Policy in Practice concludes that the Government have missed an opportunity to show support to households in poverty and halt the reputational damage of universal credit. Noticeable by omission was any provision to alleviate the impact of measures introduced as part of austerity. For these households, austerity is far from over. Unless the value of their benefits is restored, it will be baked into inadequate social security benefit levels in perpetuity.
Inadequate benefit levels are also one reason that the social security system is not now providing the security that its name promises. Other problems caused by a number of aspects of the design of universal credit, in particular the five-week wait, have already been mentioned. While the tweaking of the rules governing the repayment of advance payments is very welcome, I fear it will be now used to resist the growing calls for more fundamental reform of the five-week wait. As Policy in Practice argues, this meant that the Chancellor missed an excellent opportunity to set out an alternative strategy to support households through the five-week wait.
That strategy, recommended in various forms, including by the noble Lord, Lord Freud, is to provide what Nicholas Timmins of the Institute for Government calls a
“non-repayable … ‘welcome grant’ for … new claims for UC and to those transferring … from tax credits” who will not be covered by the run-on of existing benefits.

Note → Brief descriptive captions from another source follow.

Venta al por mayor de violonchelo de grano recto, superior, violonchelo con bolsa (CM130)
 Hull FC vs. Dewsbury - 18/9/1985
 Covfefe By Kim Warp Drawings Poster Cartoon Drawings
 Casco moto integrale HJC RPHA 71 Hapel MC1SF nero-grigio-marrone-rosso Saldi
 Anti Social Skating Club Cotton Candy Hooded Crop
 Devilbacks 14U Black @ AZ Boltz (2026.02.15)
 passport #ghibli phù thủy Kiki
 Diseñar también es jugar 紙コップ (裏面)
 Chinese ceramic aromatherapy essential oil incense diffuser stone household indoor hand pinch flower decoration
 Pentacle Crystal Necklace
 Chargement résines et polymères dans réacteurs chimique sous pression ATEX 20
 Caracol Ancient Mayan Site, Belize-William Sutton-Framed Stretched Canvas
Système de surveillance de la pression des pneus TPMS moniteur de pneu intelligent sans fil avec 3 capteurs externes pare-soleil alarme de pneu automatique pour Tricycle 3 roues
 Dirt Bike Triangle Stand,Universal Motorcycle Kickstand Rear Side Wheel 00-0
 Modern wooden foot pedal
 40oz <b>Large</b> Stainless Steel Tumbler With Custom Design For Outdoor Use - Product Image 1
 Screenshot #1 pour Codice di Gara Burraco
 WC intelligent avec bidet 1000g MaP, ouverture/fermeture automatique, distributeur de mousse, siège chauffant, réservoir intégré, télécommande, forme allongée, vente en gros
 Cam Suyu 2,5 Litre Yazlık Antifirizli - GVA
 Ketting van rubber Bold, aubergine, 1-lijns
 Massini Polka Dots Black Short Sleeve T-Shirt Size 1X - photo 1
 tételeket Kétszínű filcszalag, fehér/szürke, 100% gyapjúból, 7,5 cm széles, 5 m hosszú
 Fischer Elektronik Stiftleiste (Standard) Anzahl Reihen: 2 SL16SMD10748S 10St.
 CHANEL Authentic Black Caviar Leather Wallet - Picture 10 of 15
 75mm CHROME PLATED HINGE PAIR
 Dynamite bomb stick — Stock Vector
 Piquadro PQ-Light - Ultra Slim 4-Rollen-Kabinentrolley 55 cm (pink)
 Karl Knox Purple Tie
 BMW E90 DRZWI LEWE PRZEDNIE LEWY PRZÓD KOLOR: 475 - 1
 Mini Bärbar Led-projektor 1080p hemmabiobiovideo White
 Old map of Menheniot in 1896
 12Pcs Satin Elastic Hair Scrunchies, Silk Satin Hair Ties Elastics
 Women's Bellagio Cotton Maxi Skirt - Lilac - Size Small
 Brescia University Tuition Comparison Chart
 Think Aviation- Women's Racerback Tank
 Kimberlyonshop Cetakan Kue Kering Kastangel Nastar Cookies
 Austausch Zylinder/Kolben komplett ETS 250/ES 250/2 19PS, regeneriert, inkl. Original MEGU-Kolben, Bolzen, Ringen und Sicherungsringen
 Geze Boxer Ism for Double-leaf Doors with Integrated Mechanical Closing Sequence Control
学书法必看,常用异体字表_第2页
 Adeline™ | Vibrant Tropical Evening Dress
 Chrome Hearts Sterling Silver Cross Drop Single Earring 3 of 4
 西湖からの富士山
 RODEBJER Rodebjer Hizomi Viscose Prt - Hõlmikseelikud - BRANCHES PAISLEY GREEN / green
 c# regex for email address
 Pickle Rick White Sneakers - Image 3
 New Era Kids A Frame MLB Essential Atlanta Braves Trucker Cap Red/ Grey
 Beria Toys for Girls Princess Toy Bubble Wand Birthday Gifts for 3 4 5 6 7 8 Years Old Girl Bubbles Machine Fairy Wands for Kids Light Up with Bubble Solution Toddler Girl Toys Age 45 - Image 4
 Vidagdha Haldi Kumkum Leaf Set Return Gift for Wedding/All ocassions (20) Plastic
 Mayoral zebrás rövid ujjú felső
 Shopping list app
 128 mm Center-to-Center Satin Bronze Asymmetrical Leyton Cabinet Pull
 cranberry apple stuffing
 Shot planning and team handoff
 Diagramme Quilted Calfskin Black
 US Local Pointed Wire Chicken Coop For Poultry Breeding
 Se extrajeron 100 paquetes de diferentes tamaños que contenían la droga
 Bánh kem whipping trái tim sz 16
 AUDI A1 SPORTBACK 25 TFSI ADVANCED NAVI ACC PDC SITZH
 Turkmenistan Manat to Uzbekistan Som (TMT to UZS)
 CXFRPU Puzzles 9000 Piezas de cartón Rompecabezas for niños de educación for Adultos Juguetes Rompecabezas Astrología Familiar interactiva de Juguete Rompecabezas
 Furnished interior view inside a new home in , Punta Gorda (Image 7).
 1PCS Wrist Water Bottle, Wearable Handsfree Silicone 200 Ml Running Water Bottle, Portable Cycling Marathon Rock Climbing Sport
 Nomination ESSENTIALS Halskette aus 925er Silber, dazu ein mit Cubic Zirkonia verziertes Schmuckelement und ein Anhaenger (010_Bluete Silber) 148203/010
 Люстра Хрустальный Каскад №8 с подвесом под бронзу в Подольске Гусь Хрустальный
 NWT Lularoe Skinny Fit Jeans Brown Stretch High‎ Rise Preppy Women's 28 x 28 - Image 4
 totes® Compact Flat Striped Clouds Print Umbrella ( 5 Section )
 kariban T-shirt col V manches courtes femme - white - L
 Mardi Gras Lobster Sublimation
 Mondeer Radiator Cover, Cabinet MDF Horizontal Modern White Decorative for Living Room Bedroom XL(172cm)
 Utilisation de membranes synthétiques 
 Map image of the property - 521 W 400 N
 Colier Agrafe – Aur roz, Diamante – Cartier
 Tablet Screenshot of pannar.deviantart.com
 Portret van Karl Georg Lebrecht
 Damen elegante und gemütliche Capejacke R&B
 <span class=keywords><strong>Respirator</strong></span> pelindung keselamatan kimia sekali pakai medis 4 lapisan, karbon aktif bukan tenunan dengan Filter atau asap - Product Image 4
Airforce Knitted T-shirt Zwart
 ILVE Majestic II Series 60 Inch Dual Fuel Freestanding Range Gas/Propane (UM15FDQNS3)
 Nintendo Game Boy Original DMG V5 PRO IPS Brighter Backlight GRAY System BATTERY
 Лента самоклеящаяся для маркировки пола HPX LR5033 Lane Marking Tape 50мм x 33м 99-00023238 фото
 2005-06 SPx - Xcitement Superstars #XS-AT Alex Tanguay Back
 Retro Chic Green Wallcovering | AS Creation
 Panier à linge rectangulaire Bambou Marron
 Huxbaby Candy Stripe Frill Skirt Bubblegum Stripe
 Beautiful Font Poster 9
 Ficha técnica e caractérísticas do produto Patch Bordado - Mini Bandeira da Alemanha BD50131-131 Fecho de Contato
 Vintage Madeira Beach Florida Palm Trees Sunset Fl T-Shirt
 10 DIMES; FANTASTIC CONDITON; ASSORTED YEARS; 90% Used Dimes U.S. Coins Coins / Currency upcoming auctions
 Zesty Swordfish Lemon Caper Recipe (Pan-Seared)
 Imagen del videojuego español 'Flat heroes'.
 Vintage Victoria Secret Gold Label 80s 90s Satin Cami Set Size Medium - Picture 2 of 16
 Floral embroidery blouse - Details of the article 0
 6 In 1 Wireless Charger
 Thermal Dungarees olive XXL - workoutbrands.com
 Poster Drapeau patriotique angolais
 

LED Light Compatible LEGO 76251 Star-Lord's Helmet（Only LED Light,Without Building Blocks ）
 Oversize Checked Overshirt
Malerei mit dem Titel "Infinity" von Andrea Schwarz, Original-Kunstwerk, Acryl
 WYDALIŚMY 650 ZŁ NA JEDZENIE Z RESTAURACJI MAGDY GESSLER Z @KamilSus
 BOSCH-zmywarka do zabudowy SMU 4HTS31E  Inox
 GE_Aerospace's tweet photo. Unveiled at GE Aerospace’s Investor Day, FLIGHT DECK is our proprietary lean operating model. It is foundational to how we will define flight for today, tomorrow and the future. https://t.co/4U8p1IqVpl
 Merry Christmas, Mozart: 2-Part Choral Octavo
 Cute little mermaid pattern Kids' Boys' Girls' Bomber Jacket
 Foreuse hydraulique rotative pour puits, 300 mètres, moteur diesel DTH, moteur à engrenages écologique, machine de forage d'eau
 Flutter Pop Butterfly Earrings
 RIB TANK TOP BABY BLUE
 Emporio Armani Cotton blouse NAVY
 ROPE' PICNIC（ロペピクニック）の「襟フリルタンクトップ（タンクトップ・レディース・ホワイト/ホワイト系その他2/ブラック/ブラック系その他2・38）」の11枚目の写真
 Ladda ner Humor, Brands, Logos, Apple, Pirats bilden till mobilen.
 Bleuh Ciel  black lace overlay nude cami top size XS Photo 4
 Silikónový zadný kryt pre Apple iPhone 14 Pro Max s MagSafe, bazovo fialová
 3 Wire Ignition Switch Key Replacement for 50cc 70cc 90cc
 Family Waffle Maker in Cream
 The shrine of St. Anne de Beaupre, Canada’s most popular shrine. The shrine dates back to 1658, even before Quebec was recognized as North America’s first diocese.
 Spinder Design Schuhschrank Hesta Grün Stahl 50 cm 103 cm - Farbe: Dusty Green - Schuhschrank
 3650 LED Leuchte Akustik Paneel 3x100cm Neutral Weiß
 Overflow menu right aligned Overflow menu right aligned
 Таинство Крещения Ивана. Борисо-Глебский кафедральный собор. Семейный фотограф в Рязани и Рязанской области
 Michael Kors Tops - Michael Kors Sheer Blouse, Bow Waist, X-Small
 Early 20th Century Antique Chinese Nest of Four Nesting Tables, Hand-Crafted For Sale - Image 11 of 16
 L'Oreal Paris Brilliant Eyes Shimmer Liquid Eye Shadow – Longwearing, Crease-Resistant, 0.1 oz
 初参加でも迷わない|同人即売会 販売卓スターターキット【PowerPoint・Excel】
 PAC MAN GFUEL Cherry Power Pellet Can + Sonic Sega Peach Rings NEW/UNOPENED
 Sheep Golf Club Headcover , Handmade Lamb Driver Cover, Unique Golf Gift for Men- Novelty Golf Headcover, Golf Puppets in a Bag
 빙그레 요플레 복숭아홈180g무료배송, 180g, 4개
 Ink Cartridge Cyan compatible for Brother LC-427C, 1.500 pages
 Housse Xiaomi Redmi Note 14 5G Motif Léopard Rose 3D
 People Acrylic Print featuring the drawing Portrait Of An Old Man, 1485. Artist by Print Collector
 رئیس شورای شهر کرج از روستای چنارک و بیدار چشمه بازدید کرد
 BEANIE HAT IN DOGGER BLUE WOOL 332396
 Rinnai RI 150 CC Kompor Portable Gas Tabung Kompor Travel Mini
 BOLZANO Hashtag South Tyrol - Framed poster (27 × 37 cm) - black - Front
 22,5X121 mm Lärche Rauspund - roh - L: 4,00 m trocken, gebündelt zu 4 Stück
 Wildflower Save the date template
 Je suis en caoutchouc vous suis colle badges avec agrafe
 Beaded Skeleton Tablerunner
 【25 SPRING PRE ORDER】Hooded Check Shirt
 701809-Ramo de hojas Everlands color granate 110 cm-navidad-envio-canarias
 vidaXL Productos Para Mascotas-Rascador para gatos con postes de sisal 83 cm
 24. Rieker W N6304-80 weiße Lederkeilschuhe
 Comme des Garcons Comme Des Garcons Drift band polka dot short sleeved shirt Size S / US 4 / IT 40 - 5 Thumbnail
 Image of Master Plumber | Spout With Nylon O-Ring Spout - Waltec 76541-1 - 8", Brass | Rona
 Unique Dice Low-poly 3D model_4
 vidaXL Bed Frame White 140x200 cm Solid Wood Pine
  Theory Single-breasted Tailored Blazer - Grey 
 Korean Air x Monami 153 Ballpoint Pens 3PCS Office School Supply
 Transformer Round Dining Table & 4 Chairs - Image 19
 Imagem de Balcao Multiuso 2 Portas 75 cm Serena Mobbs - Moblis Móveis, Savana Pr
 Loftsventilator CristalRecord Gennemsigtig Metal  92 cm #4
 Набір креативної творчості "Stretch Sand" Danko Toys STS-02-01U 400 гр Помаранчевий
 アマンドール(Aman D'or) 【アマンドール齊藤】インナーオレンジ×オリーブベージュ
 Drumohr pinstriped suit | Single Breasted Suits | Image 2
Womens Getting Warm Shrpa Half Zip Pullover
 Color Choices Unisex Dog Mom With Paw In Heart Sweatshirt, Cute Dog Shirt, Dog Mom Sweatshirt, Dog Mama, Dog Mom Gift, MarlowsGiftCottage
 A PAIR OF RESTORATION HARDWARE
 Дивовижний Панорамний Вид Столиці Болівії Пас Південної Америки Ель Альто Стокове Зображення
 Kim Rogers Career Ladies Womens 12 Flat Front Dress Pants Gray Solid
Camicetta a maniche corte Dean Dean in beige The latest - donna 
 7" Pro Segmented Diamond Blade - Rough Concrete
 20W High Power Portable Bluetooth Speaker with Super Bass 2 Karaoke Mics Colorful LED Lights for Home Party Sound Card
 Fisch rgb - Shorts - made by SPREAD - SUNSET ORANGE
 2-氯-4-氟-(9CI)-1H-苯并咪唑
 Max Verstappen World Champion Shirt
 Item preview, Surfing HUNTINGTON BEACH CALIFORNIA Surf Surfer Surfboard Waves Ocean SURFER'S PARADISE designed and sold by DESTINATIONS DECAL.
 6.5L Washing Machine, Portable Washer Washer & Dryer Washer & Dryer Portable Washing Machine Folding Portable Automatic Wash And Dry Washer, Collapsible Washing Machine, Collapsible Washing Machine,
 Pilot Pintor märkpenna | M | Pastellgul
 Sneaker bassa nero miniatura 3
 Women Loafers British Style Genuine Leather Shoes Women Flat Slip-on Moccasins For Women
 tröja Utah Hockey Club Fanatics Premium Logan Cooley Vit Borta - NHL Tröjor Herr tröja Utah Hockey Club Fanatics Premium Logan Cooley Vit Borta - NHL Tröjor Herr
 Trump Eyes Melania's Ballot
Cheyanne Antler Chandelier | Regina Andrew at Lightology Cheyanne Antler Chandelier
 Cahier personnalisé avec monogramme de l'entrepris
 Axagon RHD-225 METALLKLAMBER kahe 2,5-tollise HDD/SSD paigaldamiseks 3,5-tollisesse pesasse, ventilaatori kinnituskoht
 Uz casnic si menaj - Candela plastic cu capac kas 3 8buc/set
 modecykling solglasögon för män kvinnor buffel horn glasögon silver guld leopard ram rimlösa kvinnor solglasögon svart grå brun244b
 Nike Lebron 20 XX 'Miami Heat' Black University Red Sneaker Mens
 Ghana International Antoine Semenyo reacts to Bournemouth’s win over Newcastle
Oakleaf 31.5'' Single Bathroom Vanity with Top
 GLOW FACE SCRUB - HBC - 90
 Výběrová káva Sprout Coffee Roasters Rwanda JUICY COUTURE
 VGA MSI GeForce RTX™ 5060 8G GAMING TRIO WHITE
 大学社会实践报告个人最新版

This has particular implications for those hit by Covid-19 who do not qualify for statutory sick pay. Policy in Practice, Citizens Advice and others argue that much more must be done to ensure that everyone can afford to self-isolate and is not discouraged from doing so by the UC rules.
Nor must they be discouraged by the sheer inadequacy of available benefit levels or support with rents. Will the Government heed CPAG’s call for an emergency increase in children’s benefits, especially as free school meals are suspended when schools close? Can the Minister give—or seek on our behalf from DWP—an assurance that all work sanctions and job search requirements will be suspended? Discretion is not good enough to ensure protection. More radically, petitions are circulating, both nationally and internationally, calling for an emergency universal income scheme, as mentioned, to help get us through the crisis. Ireland is showing the way on a temporary basis.
I welcome the fact that the Chancellor is promising a further package of measures. These must be sufficient to meet his promise to every British citizen that this Government will give you the tools you need to get through this. Without financial security, it will be that much harder to get through. This is a public health—as well as an income security—issue.
Two weeks ago, during the debate on the Child Benefit Up-rating Order, the Minister declared:
“I am proud to represent a Government who are focusing attention on those at the very bottom end of income.”—[Official Report, 3/3/20; col. 571.]
Two days later, the Office for National Statistics published a bulletin showing that there had been a 7% fall in the real income of the poorest fifth of people, largely due to the benefits freeze. The Budget does nothing to rectify this. It neither offers genuine security to those with the least security nor levels up the living standards of those at the bottom. In the face of growing poverty and hardship, the Government’s priority should be a source not of pride but of shame. Following the remarks of the noble Lord, Lord Hunt of Wirral, I hope that the Government will now prove me wrong, and prove that they are genuinely a one-nation Government.